Polêmica

Empresários criticam lei aprovada na Câmara

Empresários acreditam que até 10 mil trabalhadores podem ser afetados com a decisão, caso a lei seja sancionada pela prefeita Paula Mascarenhas

12 de Outubro de 2017 - 16h50 Corrigir A + A -
Na aprovação final na manhã de quarta-feira, vereadores se comprometeram a debater uma medida que não afete as empresas e as cooperativas envolvidas na cadeia da reciclagem (Foto: Paulo Rossi - DP)

Na aprovação final na manhã de quarta-feira, vereadores se comprometeram a debater uma medida que não afete as empresas e as cooperativas envolvidas na cadeia da reciclagem (Foto: Paulo Rossi - DP)

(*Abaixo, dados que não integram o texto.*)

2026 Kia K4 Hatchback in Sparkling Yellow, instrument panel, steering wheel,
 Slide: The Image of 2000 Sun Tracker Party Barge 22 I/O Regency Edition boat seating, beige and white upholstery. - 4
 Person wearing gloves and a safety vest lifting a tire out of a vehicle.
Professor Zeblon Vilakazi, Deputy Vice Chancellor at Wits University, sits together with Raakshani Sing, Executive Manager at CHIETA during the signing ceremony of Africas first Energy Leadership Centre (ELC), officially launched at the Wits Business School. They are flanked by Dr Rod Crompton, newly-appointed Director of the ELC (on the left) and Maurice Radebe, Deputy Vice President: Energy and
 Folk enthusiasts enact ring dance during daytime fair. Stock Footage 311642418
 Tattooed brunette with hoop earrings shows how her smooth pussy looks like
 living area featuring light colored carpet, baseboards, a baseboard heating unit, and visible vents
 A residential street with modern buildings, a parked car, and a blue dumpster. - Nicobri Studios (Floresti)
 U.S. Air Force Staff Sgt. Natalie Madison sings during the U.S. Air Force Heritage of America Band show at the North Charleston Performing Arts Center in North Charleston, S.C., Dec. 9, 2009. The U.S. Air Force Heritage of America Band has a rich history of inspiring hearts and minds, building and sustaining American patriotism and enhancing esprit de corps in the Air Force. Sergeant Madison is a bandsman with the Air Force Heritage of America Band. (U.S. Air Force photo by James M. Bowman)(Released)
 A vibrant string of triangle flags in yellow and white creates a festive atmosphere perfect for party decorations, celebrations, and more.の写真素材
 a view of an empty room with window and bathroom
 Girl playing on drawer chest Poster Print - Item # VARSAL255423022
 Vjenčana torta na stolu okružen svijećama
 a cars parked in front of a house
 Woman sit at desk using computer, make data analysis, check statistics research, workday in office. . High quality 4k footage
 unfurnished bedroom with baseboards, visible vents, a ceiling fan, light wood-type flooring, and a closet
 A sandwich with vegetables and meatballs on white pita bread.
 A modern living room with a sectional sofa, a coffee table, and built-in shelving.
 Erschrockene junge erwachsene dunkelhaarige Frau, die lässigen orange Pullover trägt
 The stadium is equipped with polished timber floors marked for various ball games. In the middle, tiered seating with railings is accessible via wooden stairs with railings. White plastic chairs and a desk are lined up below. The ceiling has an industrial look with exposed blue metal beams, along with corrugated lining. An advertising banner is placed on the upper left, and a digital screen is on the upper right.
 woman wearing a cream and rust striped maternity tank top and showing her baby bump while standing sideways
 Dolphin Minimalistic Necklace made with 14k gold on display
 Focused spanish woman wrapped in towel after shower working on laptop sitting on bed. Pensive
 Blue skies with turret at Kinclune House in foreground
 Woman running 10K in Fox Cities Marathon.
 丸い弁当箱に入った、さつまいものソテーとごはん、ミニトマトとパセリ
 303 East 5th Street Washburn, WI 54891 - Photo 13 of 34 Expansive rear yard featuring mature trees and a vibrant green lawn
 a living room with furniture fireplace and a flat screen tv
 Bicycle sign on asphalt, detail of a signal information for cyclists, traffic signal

Um grupo de empresários já está se mobilizando contra o projeto de lei aprovado na Câmara de Vereadores na manhã de quarta-feira (11). Pela lei, de autoria de Zilda Bürkle (PSB), o município não pode receber ou depositar resíduos sólidos e semissólidos com o fim de disposição final. Para a categoria, faltou diálogo com o setor, que envolve uma grande cadeia de trabalhadores. Os empresários acreditam que até 10 mil trabalhadores podem ser afetados com a decisão, caso a lei seja sancionada pela prefeita Paula Mascarenhas (PSDB).

Conforme o empresário Flávio Merch, o projeto foi aprovado com muita agilidade, o que acabou atropelando os debates. O imbróglio deu-se nos termos da lei. Para o empresariado, a "disposição final" não se trata, apenas, de depositar o resíduo em um determinado local. A medida pode inviabilizar empreendimentos que reciclem lixo com origem de outras cidades da região. "Causa uma insegurança jurídica no empreendedor", justifica Merch. Para Cláudio Bittencourt, que integra o Conselho Municipal de Proteção Ambiental, o termo "disposição final" pode ter diferentes interpretações. "Se eu receber garrafas pet para transformar em matéria-prima, eu estou dando um destino final para um produto e criando um novo", interpretou.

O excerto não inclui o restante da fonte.